Correlation Between Cohen Steers and Carillon Scout
Can any of the company-specific risk be diversified away by investing in both Cohen Steers and Carillon Scout at the same time? Although using a correlation coefficient on its own may not help to predict future stock returns, this module helps to understand the diversifiable risk of combining Cohen Steers and Carillon Scout into the same portfolio, which is an essential part of the fundamental portfolio management process.
By analyzing existing cross correlation between Cohen Steers Global and Carillon Scout Mid, you can compare the effects of market volatilities on Cohen Steers and Carillon Scout and check how they will diversify away market risk if combined in the same portfolio for a given time horizon.
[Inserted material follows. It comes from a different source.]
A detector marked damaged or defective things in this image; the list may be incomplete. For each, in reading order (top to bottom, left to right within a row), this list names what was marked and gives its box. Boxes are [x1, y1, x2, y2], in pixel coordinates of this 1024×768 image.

You can also utilize pair trading strategies of matching a long position in Cohen Steers with a short position of Carillon Scout. Check out your portfolio center. Please also check ongoing floating volatility patterns of Cohen Steers and Carillon Scout.
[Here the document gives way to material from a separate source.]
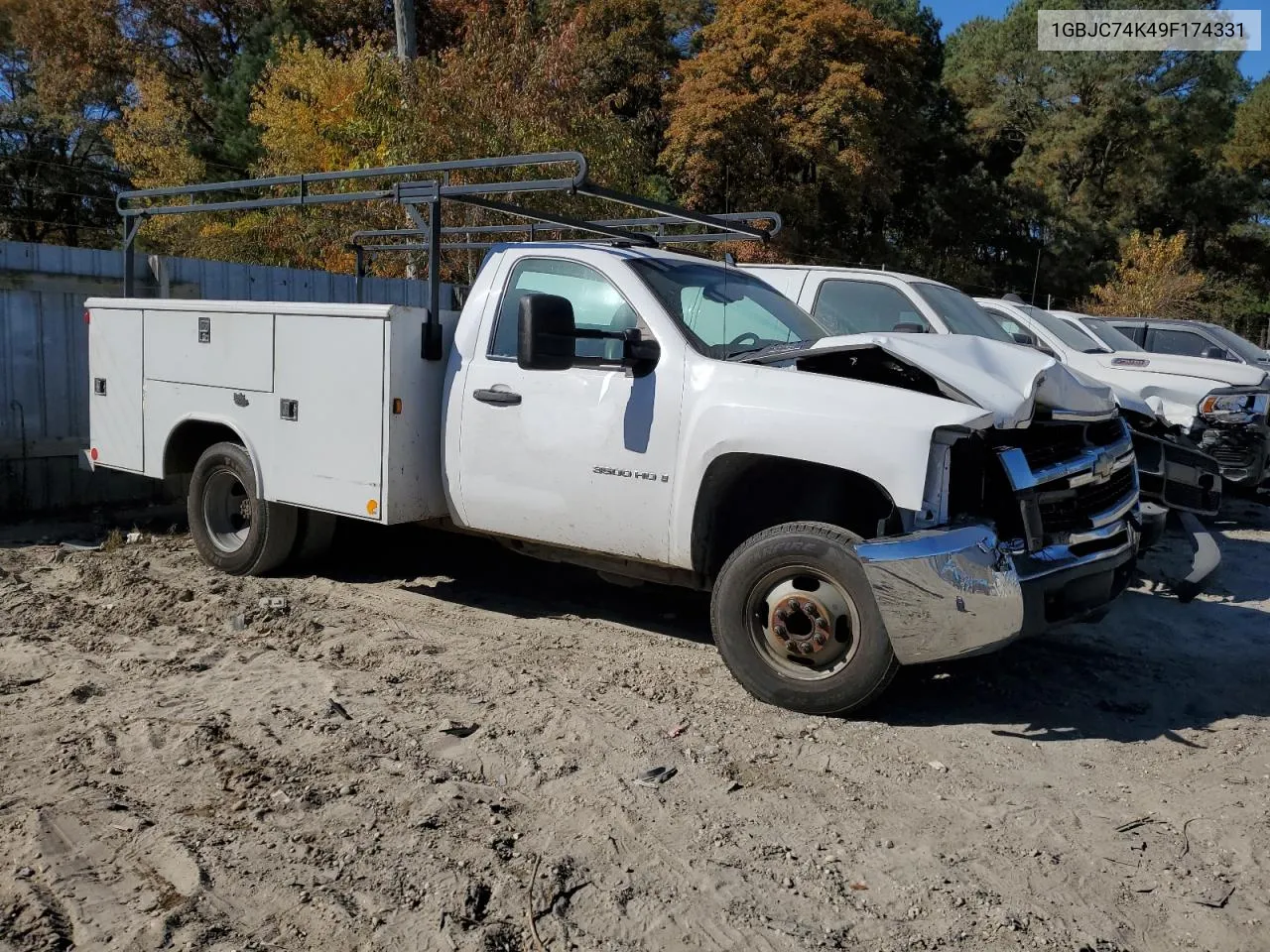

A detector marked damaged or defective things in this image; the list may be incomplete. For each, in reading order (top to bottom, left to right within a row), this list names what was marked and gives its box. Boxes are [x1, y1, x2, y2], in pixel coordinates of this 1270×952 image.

crumpled hood [792, 332, 1122, 426]
crumpled hood [1091, 350, 1270, 388]
damaged white truck in background [86, 151, 1143, 715]
damaged bumper [1132, 431, 1218, 518]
Diversification Opportunities for Cohen Steers and Carillon Scout
0.01 | Correlation Coefficient |
Significant diversification
The 3 months correlation between Cohen and Carillon is 0.01. Overlapping area represents the amount of risk that can be diversified away by holding Cohen Steers Global and Carillon Scout Mid in the same portfolio, assuming nothing else is changed. The correlation between historical prices or returns on Carillon Scout Mid and Cohen Steers is a relative statistical measure of the degree to which these equity instruments tend to move together. The correlation coefficient measures the extent to which returns on Cohen Steers Global are associated (or correlated) with Carillon Scout. Values of the correlation coefficient range from -1 to +1, where. The correlation of zero (0) is possible when the price movement of Carillon Scout Mid has no effect on the direction of Cohen Steers i.e., Cohen Steers and Carillon Scout go up and down completely randomly.
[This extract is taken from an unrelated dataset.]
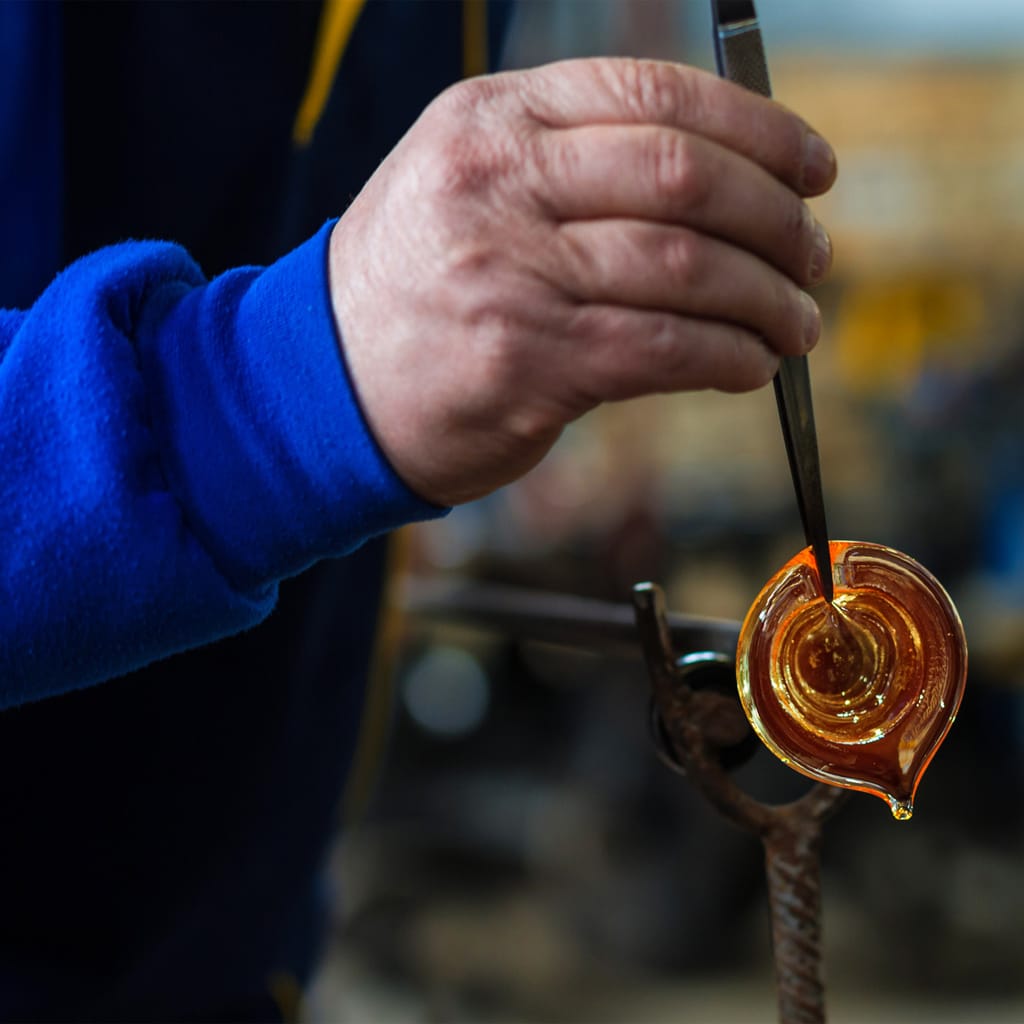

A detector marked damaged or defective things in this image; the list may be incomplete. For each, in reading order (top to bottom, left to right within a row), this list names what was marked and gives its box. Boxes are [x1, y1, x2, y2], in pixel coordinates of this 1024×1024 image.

rusty metal stand [630, 585, 847, 1024]
rusty metal support [630, 585, 847, 1024]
Pair Corralation between Cohen Steers and Carillon Scout
Assuming the 90 days horizon Cohen Steers Global is expected to generate 0.82 times more return on investment than Carillon Scout. However, Cohen Steers Global is 1.22 times less risky than Carillon Scout. It trades about 0.04 of its potential returns per unit of risk. Carillon Scout Mid is currently generating about -0.05 per unit of risk. If you would invest 5,080 in Cohen Steers Global on December 29, 2024 and sell it today you would earn a total of 100.00 from holding Cohen Steers Global or generate 1.97% return on investment over 90 days.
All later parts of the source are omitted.